The high speed, high temperature environment that exists in hypersonic flow applications also eliminates all non-intrusive velocity measurement techniques that rely on physical tracer particles to be propagated by the flow (such as particle image velocimetry or laser Doppler velocimetry). Multi point measurements of temperature and/or velocity using CARRS or Rayleigh molecular scattering suffer from the high cost of setup that accompanies these techniques and susceptibility to background noise/vibration, which limits their practicality towards implementation in ground test facilities.

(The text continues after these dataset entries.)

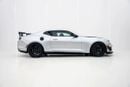 شيفروليه كامارو ZL1 ألياف الكربون 650 HP LT4 V8 | ZL1 1LE TRACK PACKAGE | 6-SPEED MANUAL
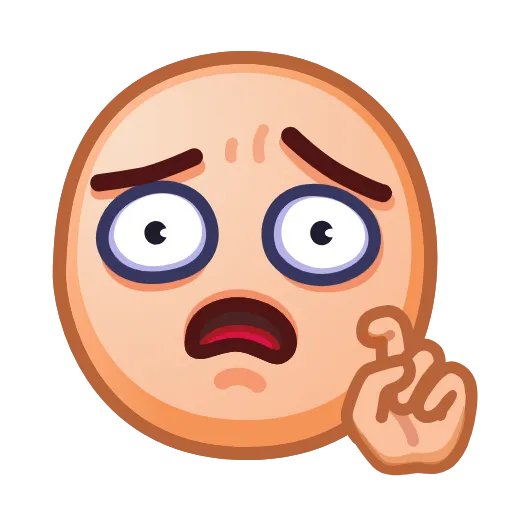 ☝️ Эмодзи «Meme Emoji» для Telegram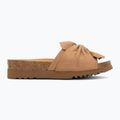Дамски чехли Scholl Princess Med camel 2
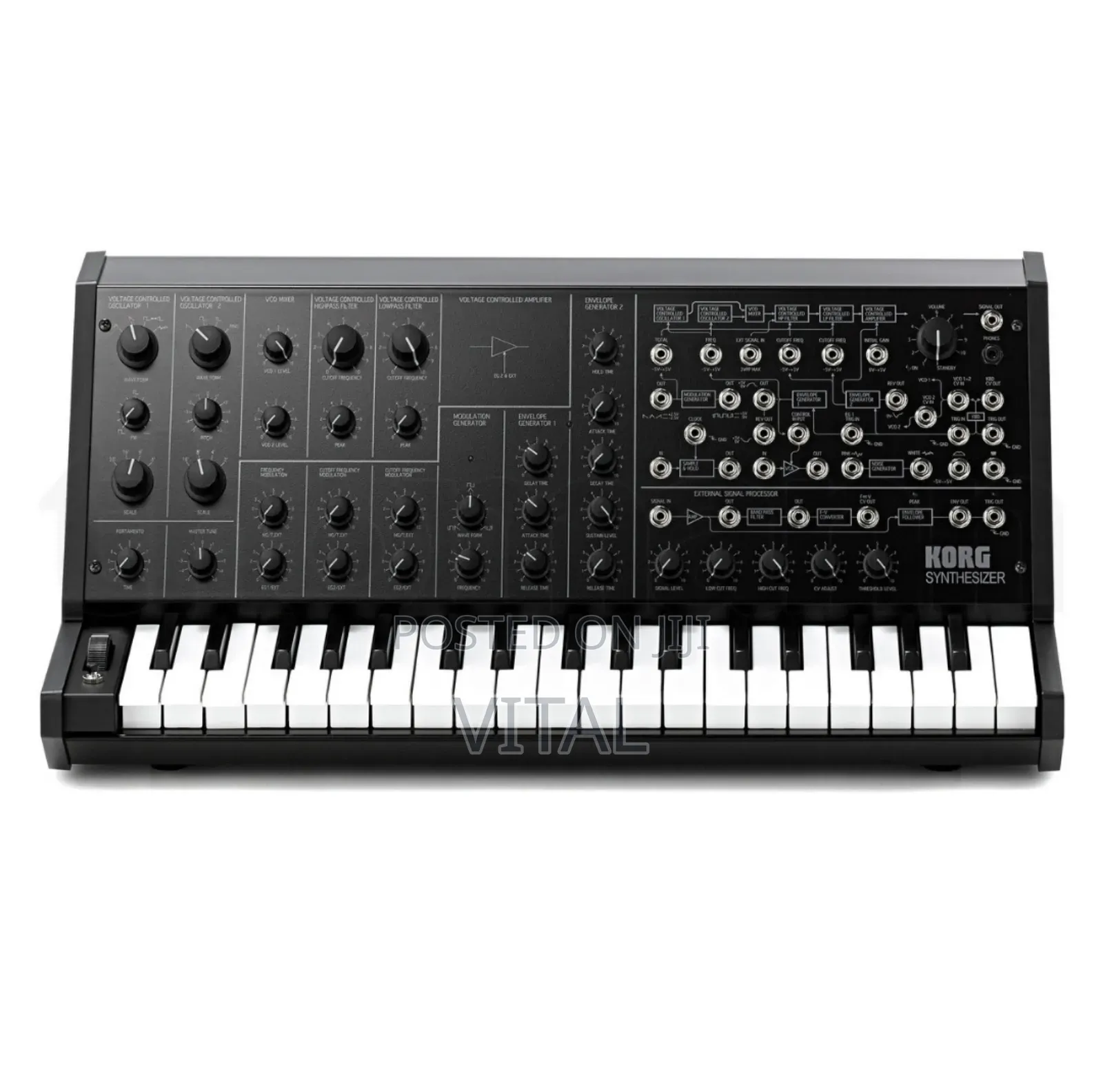 Korg Ms20ic Synthesizer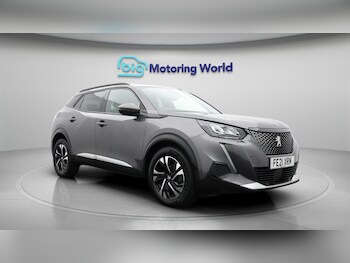 Used Peugeot 2008 2021 for sale - 77345758: Photo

In connection with pressure sensors, current technology in high temperature dynamic pressure sensors is limited to at most 600° C., with the need for active cooling in higher temperature situations. Active cooling is undesirable because it makes the sensors bulky and logistically challenging to integrate, while at the same time sacrificing performance.
Dynamic pressure measurements require sensing elements to be in direct contact with the fluid flow. Typically, this involves a surface with a hole aligned with the fluid flow boundary and a tube attached to the hole and leading to a pressure sensor with a diaphragm suspended in a cavity. In hot environments however, this tube is necessarily long in order to partially thermally isolate the pressure sensor. Such separation between the sensor and fluid flow creates a phase lag and signal attenuation—the tube and cavity act as a low pass filter—rendering dynamic pressure measurements problematic. While surface mounted pressure sensors do exist, they are not capable of operating at high temperatures because conversion of pressure into a signal relies on electrical circuitry that is either integrated into the sensing element, or in close proximity. Therefore, the sensor's operating envelope is restricted by the relatively low temperature capability of the electronics and electrical connections.
What is needed are optically coupled sensors that are capable of operating in ultra harsh environments, such as, the hypervelocity, high temperature, oxidizing environment of a high Mach number nozzle and the flow it produces, or the flow environment external (and internal within its flowpath) a test article flying at hypersonic speeds realizes.
A brief abstract of the technical disclosure in the specification is provided as well only for the purposes of complying with 37 C.F.R. 1.72. The abstract is not intended to be used for interpreting the scope of the claims.